In my earlier post relating to this issue in the context of log-linear regressions, I illustrated the results using both EViews and R. Specifically, I looked at a crude model for the "Airplane Passengers" (AP) time-series, based on the analysis of Cowperwait and Metcalf (2009, pp. 109-118). Here, I'll just use R to illustrate the results of the current post. The R script is available on this blog's code page, and it can be opened with any text editor. The square root of AP is regressed against a quadratic time trend and various Sine and Cosine terms of the form SIN(2πit) and COS(2πit); i = 1, 2, ..., 5:

The time series "APF" is the series of naive within-sample predictions, obtained by simply squaring the fitted values for (AP). The time-series "APFAD" incorporates the adjustment term discussed above. In this particular case, s = 0.5098, so there's not a huge difference between APF and APFAD:


However, the sum of the squared (within-sample) prediction errors, based on AP and APF is 42318.42, while that based on AP and APFAD is 42310.45. So, there's a bit of improvement in overall forecast performance when we take the adjustment term into account.

A final comment is in order. Although we've been able to see how to "back out" appropriate forecasts of y when the original regression has a dependent variable that is either log(y) or √(y). We were able to do this only because when the inverses of these particular transformations are applied to a Normal random variable, the resulting new random variable has a known distribution. This little "trick" is not going to work - at least, not easily - for arbitrary non-linear transformations of y.

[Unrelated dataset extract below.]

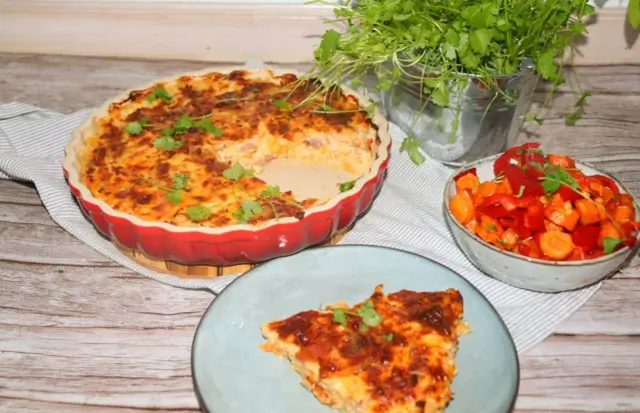 En gyllene paj utan pajdeg, fylld med godsaker och toppad med örter. Serveras med en fräsch sallad av paprika och morötter.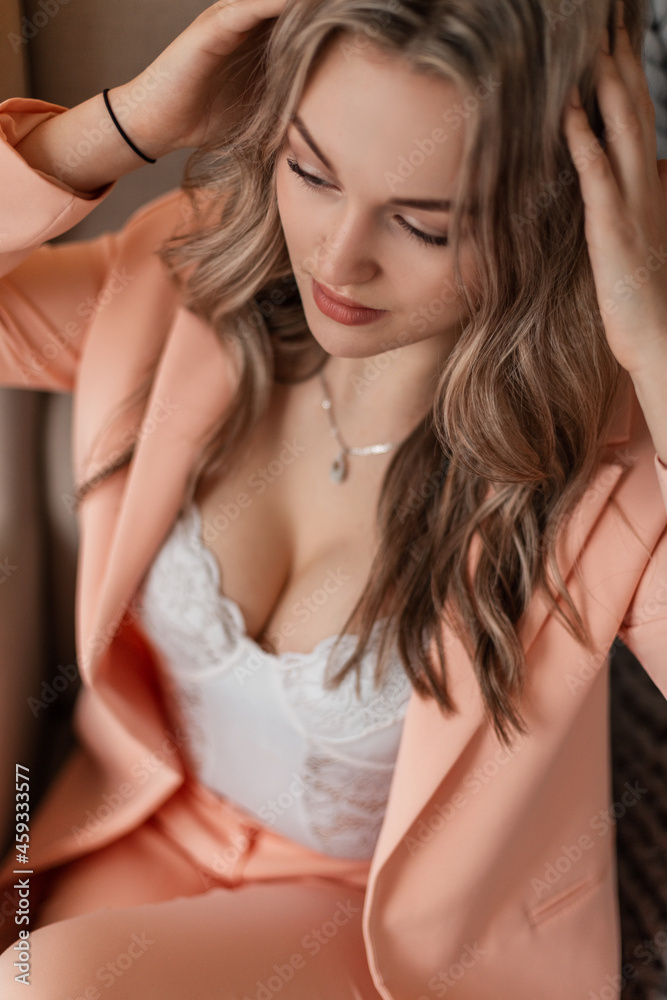 Obraz premium Beautiful young sexy stylish woman in a fashionable suit and blazer with white lace lingerie sits and rests in a chair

Cowperwait, P. S. P. and A. V. Metcalf, 2009. Introductory Time Series With R. Springer, Dordrecht.

Duan, N., 1983. Smearing estimate: A nonparametric retransformation method. Journal of the American Statistical Association, 78, 605-610.

© 2019, David E. Giles


  1. I really can't overstate this - thank you so, so much. This is an enormous help, and I really appreciate it.

    1. You're most welcome - it was an interesting question.

  2. And just to explain - I've been playing around with replication experiment for a paper update. In order to conform to the previous procedure I've set up a Box-Cox transformation, but unlike the original paper, I'm working with a square root instead of a log on my dependent variable.

    Actually, I had been working through the old Teekens and Koerts paper to understand the back-transformation process, but I got pretty stuck when my results were somehow different than the paper I was replicating. I stumbled across your blog only to find out that I wasn't crazy - it seems like the authors misapplied the results to their model. So that's twice now you've been a huge help!

    1. Happy to have been able to help a little. :-)

  3. Correct me if I'm wrong, but if rather than manually transforming your response and using lm and predict.lm you instead fit a glm with family = gaussian(link = "log") and then predict with predict.glm, then all of this is taken care of you. Right?

    1. No, I don't think so - the transformation is square root, not log.

  4. Sorry, I meant gaussian(link = "sqrt"). I was thinking about your earlier post about log-linear regression when I wrote "log".

    1. O.K. - in R, you're right. Of course, my main point still holds. And practitioners who're not using R meed to know what to do. Thanks for the helpful comment.